奥の階段を降りると、買いたい倉庫に繋がっていて、ゲンダさんはそこのにドンと置いてあるテーブルを指差して、其処らに出せるか?一応、冒険者ギルドは冒険者の望まぬ秘匿情報を外部に漏らす事は御法度なので無いから安心してくれ。」と言って来た。


「ふむ。信じるぜ!」と言って、俺は本来公開する予定の無かった、『時空間庫』を開き、中から、オークの亡骸を3つ取り出してテーブルの脇に並べた。


その後、ゲンダさんを含んだオッサン3人が興奮しながら、俺の『時空間庫』について質問してきた。


内部の時間経過が無い事を伝えると大層驚いていたが、「トージ、これ大っぴらにしちゃダメだ。極力、その黒いリュックがマジックバッグって感じで誤魔化せ!」とアドバイスしてくれた。


次回から、大量に出す場合は、ここ、解体倉庫に出す様に言われ頷いた。


結果として、俺はDランクの冒険者カードを手にする前に一気にCランクのカードを手に入れたのであった。
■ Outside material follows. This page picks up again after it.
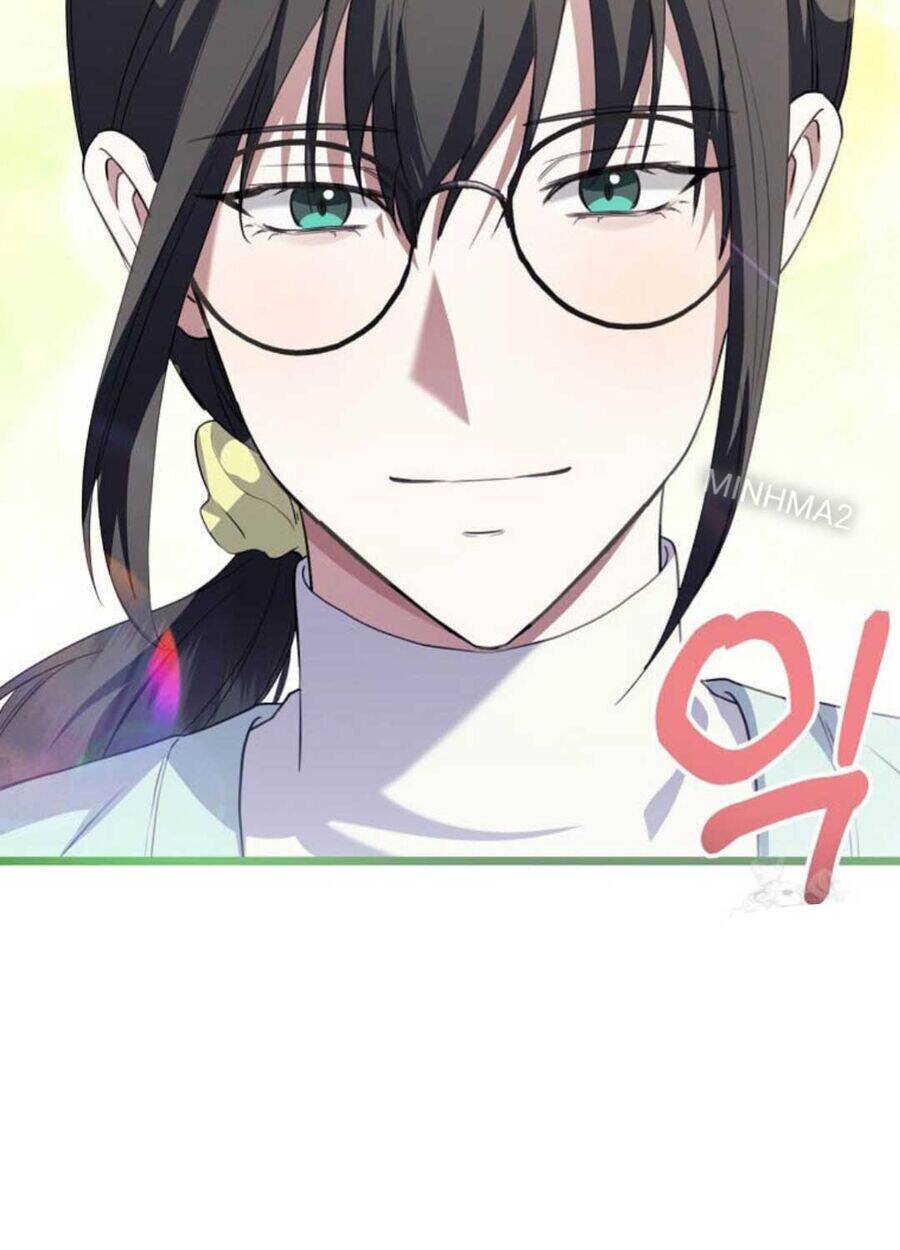 Nhà Soạn Nhạc Thiên Tài Đã Trở Lại Chap 31 - Next Chap 32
一応、Dランク以上になると、中堅と呼ばれる冒険車の仲間入りとされて、世間的にもかなり信用度が上がるらしい。


「ちなみにに、Bランクに上がるには、最低でもCランクの依頼1回、Bランクの依頼5回となる。まあ、お前さんの場合、Cランクの依頼はさっきのオーク3匹で熟しているから、後はBランクの依頼5回だな! ッ夢は広がるなぁ~。」と源田さんが嬉しそうにガハガハ笑いながら、バシバシ俺の背中を叩いて来たので何気に痛かった。

どうやら、Aランクも同じ様にBランクの依頼1回とAランクの依頼5回らしい。


ギルドカードの更新が終わり、帰る前にそれとなくBランクとAランクの依頼を確認すると、場所柄なのか殆どが『魔の森』に関す物や、俺の見知った『魔の森』に生えて居る薬草等の採取が多く、


『時空間庫』の中の物だけで簡単にBランクに昇級出来る事が判明してしまった。


ただ、Aランクの依頼になると、『魔の森』だけでなく、ダンジョンに絡む依頼が多かった。


俺は良く知らなかったが、このマッシモの街より先に進んだエルフの里にも近い辺りに『ミーランの迷宮』と言うダンジョンがあるらしい。


ほほう、ダンジョンか。一度は行ってみたいものだ。『ゲート』のある俺にとってみれば、日帰りダンジョンツアーも夢じゃ無い。最初の1回さえ、熟せば良いのである。



今度の護衛依頼の際、ケネスさん辺りに聞いてみよう・・・と心に決めて、愛しの我が家へと戻ったのだった。

家に戻るとアリーシアさんが「お帰りなさい。」と笑顔で迎えてくれた。

「ただいまー!冒険者ランクがCランクになったよ! 大変だった。」と本日の経緯を細かく話しふとテーブルを見ると、俺が作ってあげたアリーシアさんのお箸と小皿に入った大豆。

どうやら、お箸の練習をしていたらしい。


「お箸を使う練習していたの? ちょっと使って見せてくれる? 変な癖を間違って付けちゃうと、修正が大変らしいから。」と日本で上手く箸が使えない人の話を思い出して思い切って告げると、

緊張しながらも、辿々しく豆を箸で摘まんで横の小皿へと移して見せてくれた。


「うん、大体近い感じになっているけど、ちょっと違和感あるな。ちょっと俺の使う所見て居てくれる?」と言って、自分の箸を手に持って挟んだり開いたりを繰り返して指使いなどをゆっくりと見せてあげると、


「あ、ここの指の使い方が違ったんだ!」と自ら間違いに気付いて修正に入るアリーシアさん。

「ああ、良い感じに違和感が消えたよ。そうそう。そのスタイルだと、箸が安定するでしょ?」と聞くと嬉し気に頷いていた。


「さあ、そろそろ夕飯の準備しなきゃだけど、先に風呂入っちゃって良いかな?」一日森の中駆け回って汚れてるから、綺麗にしてから、一緒にご飯作ろう。」と提案して、速攻で風呂に入るだった。